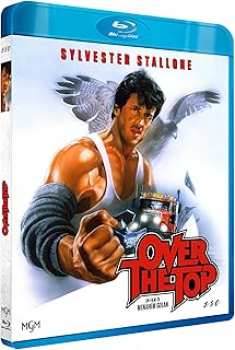 3701432021485 Over The Top (Stallone) FR BR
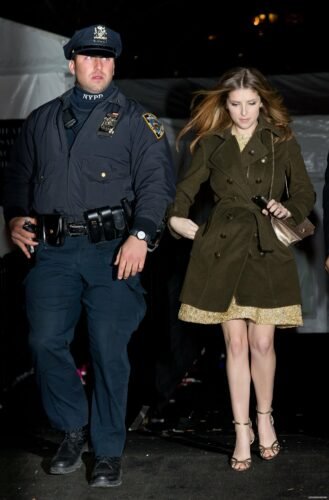 Anna Kendrick Feet Toes And Soles 508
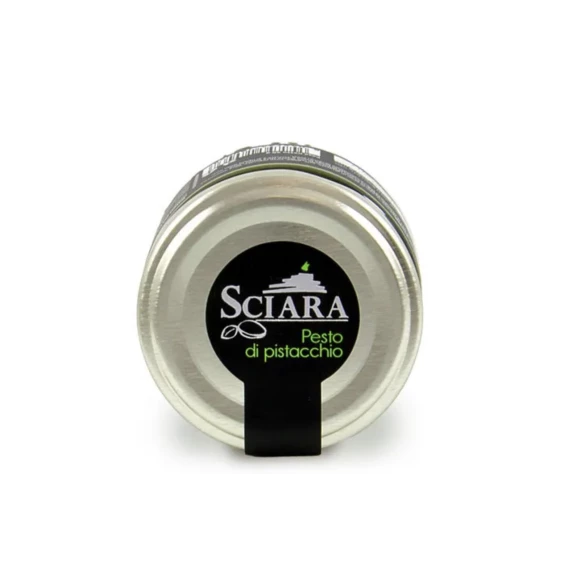 Pesto de Pistaches Sciara 190 g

> Problem to solve
Repeat the lines from the line containing "Anna Kendrick Feet Toes And Soles 508" through the end of the material above exactly, with no pictures and nothing else.

> Output of the task
 Anna Kendrick Feet Toes And Soles 508
 Pesto de Pistaches Sciara 190 g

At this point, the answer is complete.